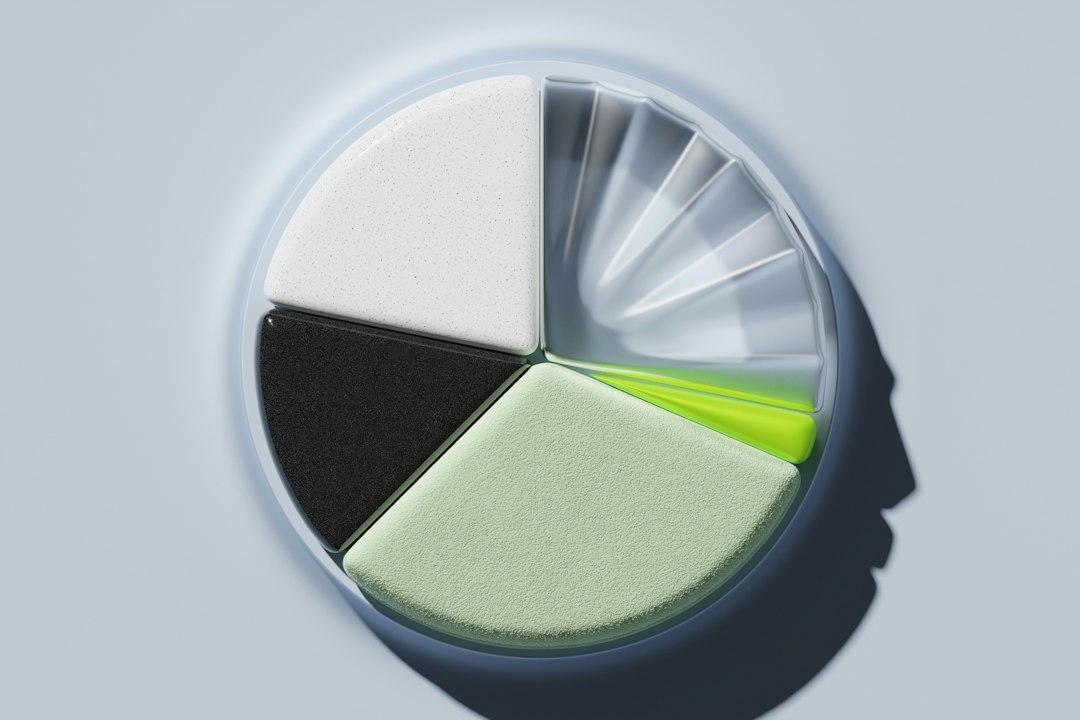 A circular diagram composed of different colored segments, suggesting a concept or model.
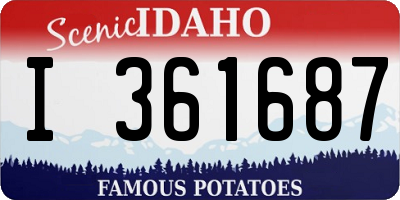 ID license plate I361687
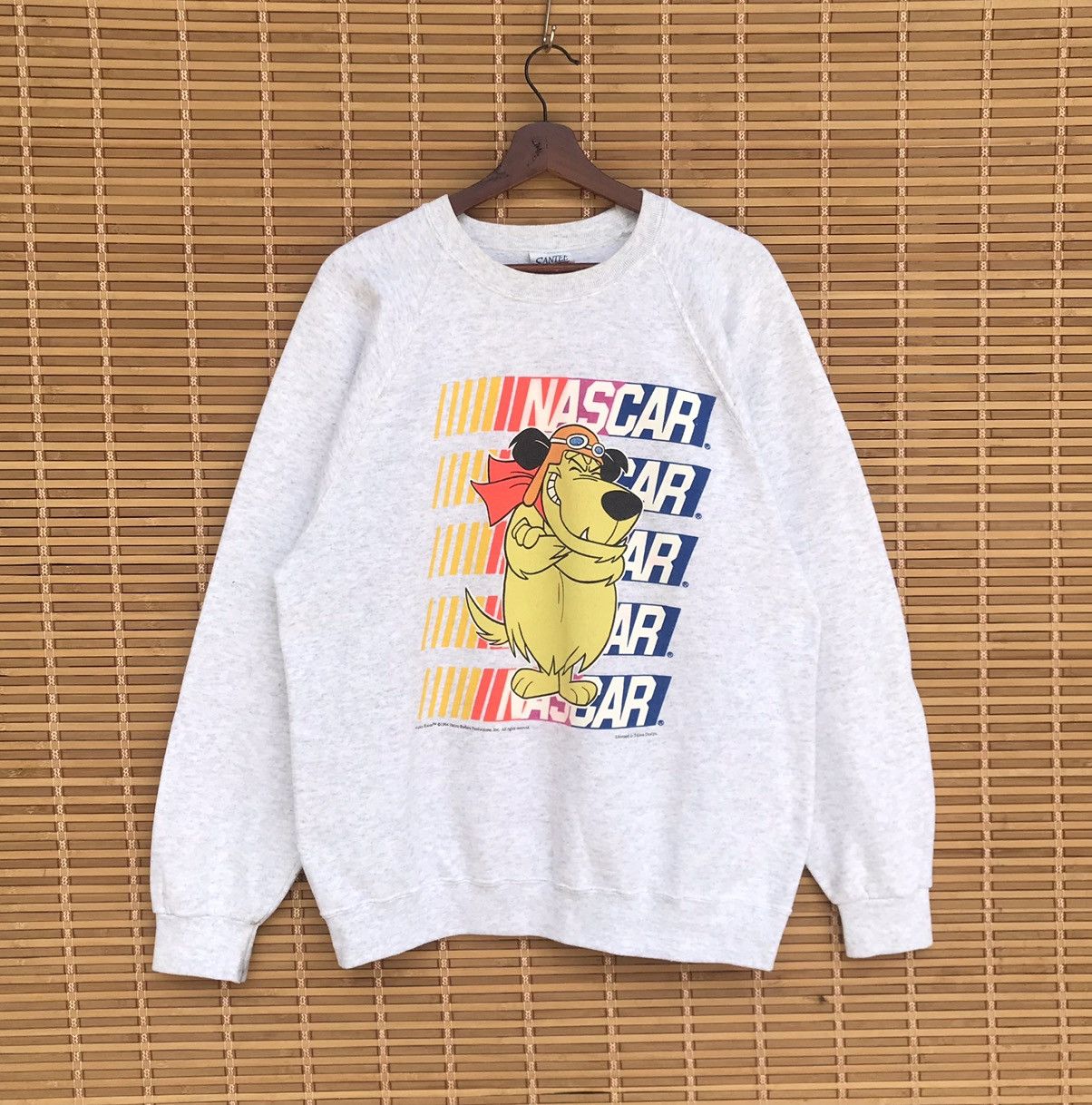 NASCAR × Vintage Vintage Nascar Wacky races 1994 mirror print jumper sweat Size US L / EU 52-54 / 3 - 2 Thumbnail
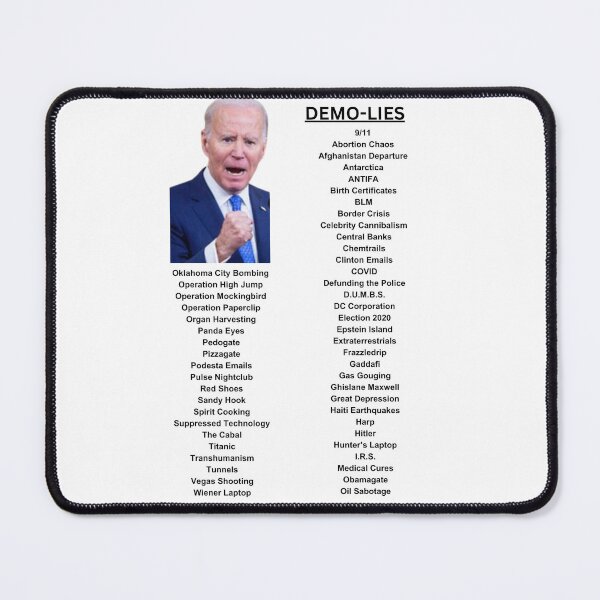 Item preview, DEMO-LIES  Democrat Lies designed and sold by PoliticalArtist.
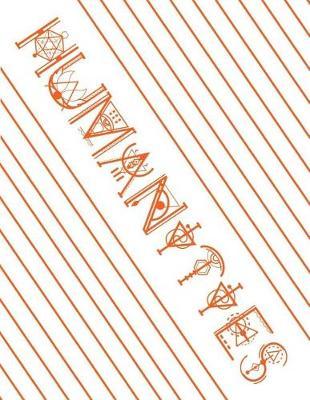 Composition Book - School Subject - Humanities: Contemporary Look of Bright White With Decorative Font and Stripes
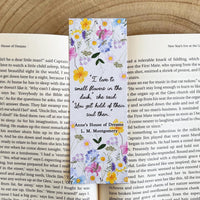 Anne's House Of Dreams - 'Flowers In The Dark' Bookmark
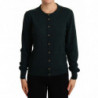 Maglione cardigan con bottoni DG in cashmere verde - IT44-L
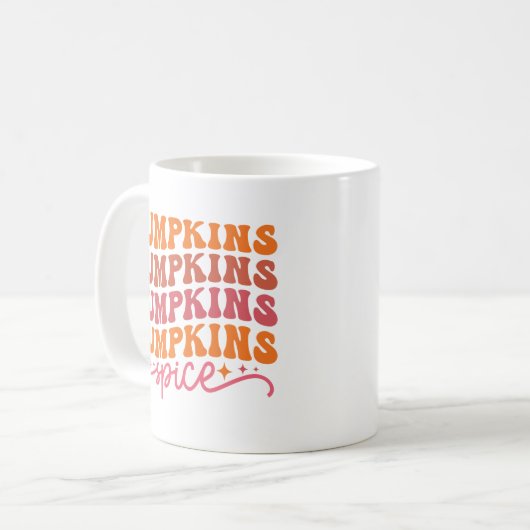 Pumpkins Pumpkins Pumpkins Pumpkins Gewürze Kaffeetasse (Vorderseite Links)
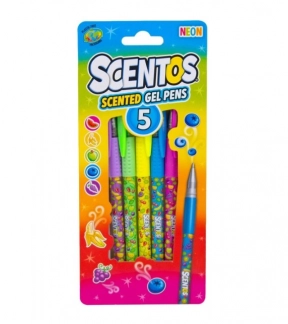Набір ароматних гелевих ручок – Неоновий Коктейль, 5 кольорів, 12264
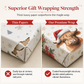 ⏳Limited-time 50% off⏰Christmas Highland Cow and Floral Gift Wrapping Paper Roll (43x500cm) | Holiday Present Wrap🐮🎁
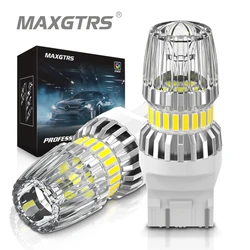 2Pcs T20 W21W W21/5W LED 7440 7443 1157 P21/5W LED Bulb Canbus Red Brilliant Car Tail Parking Lights Auto Brake Lamp 12V
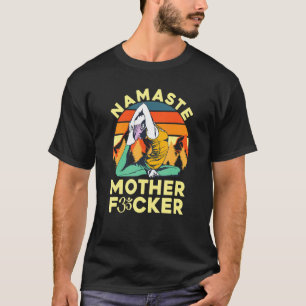 Namaste Mutter F Schlag eine Pose Yoga Vintage Ret T-Shirt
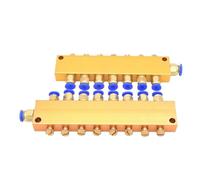 BADIKA Centralized Lubrication System 2 3 4 5 6 7 8 9 10 12 Way Lube Oil Piston Distributor Manifold Block With Push In Fitting For Centralized Lubrication Systems(8 Ways)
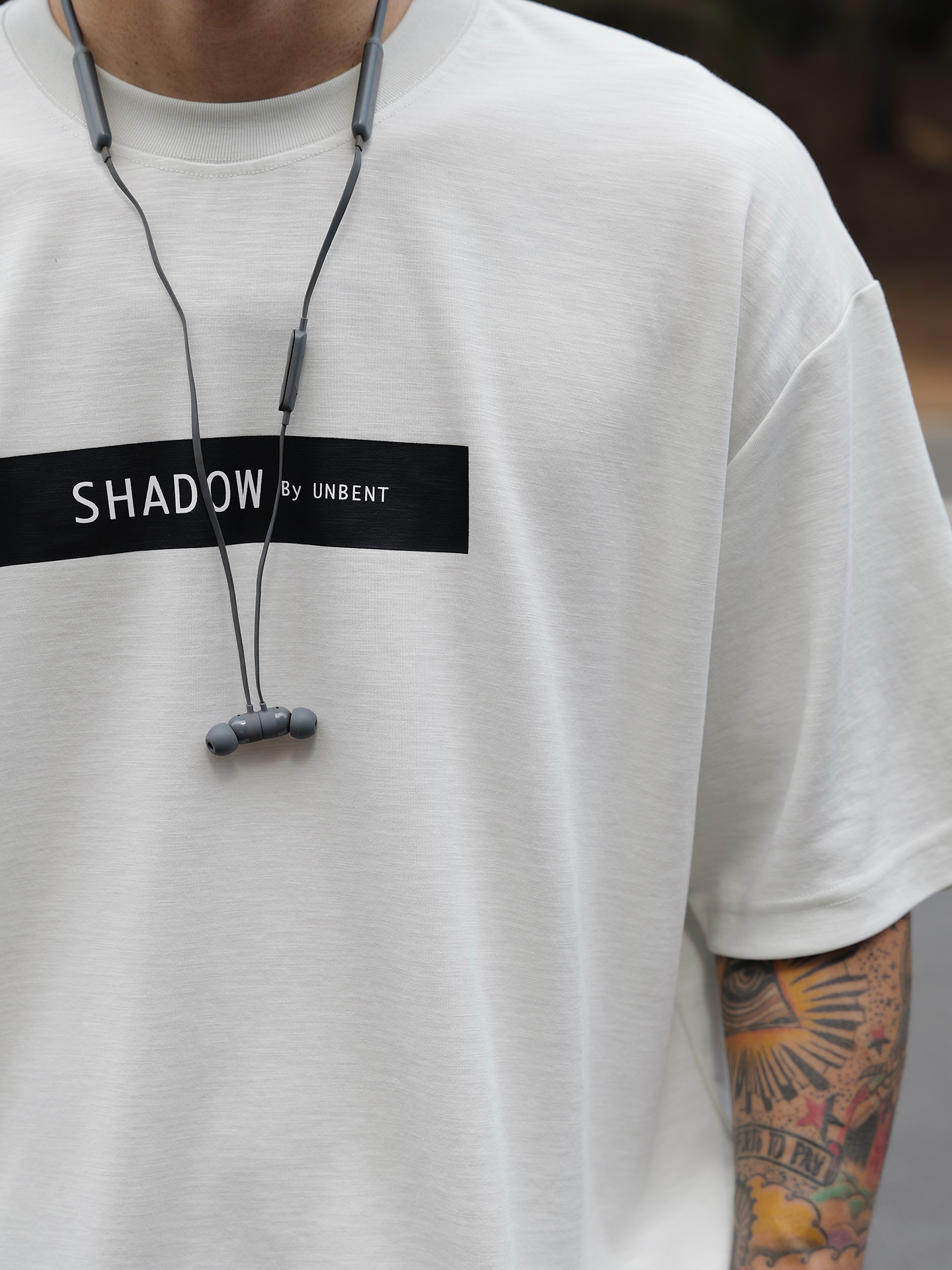Shadow by Unbent  竹節棉box logo印花短袖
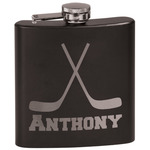 Hockey 2 Black Flask Set (Personalized)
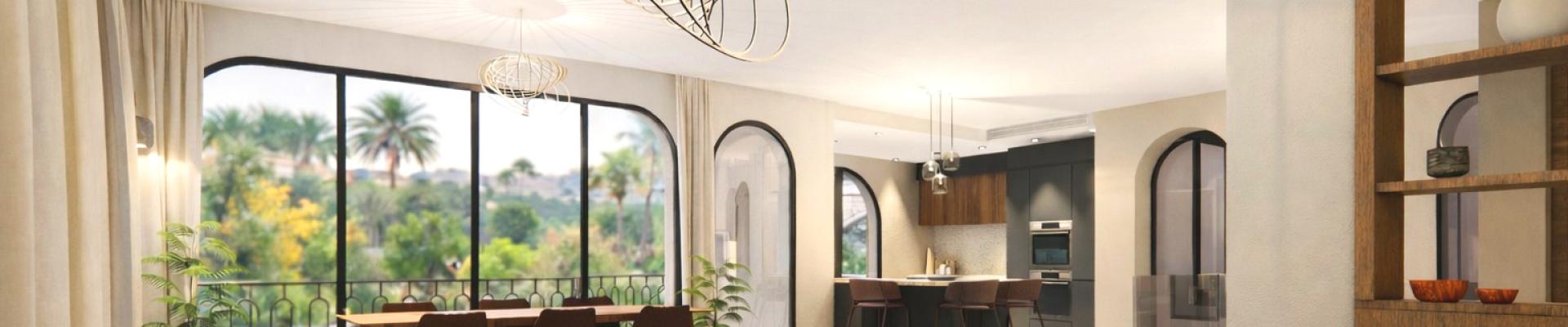 Projet intérieur - villa Côte d'Azur - rendu 3D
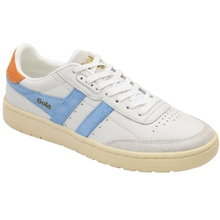 Gola Sneaker Falcon Leder 2026 weiss/blau/apricot Damen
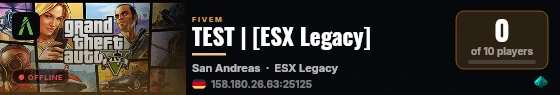 TEST | [ESX Legacy] live status badge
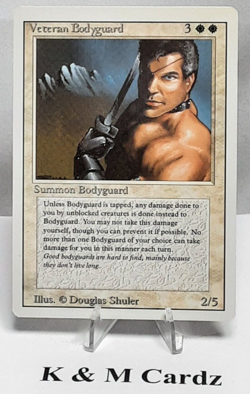 MTG - 3rd Edition - Revised - Veteran Bodyguard - Rare - LP+ NM - Image 1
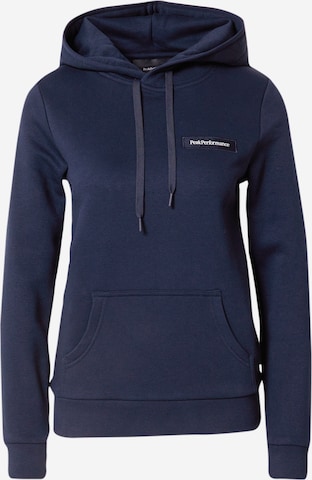 PEAK PERFORMANCE - Sweatshirt de desporto em azul: frente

═══

## Prompt:
Return nothing but the lines running from the start of the data to the line with "Composition Book - School", please, both ends included and no pictures.

## Answer to the problem:
 A circular diagram composed of different colored segments, suggesting a concept or model.
 ID license plate I361687
 NASCAR × Vintage Vintage Nascar Wacky races 1994 mirror print jumper sweat Size US L / EU 52-54 / 3 - 2 Thumbnail
 Item preview, DEMO-LIES  Democrat Lies designed and sold by PoliticalArtist.
 Composition Book - School Subject - Humanities: Contemporary Look of Bright White With Decorative Font and Stripes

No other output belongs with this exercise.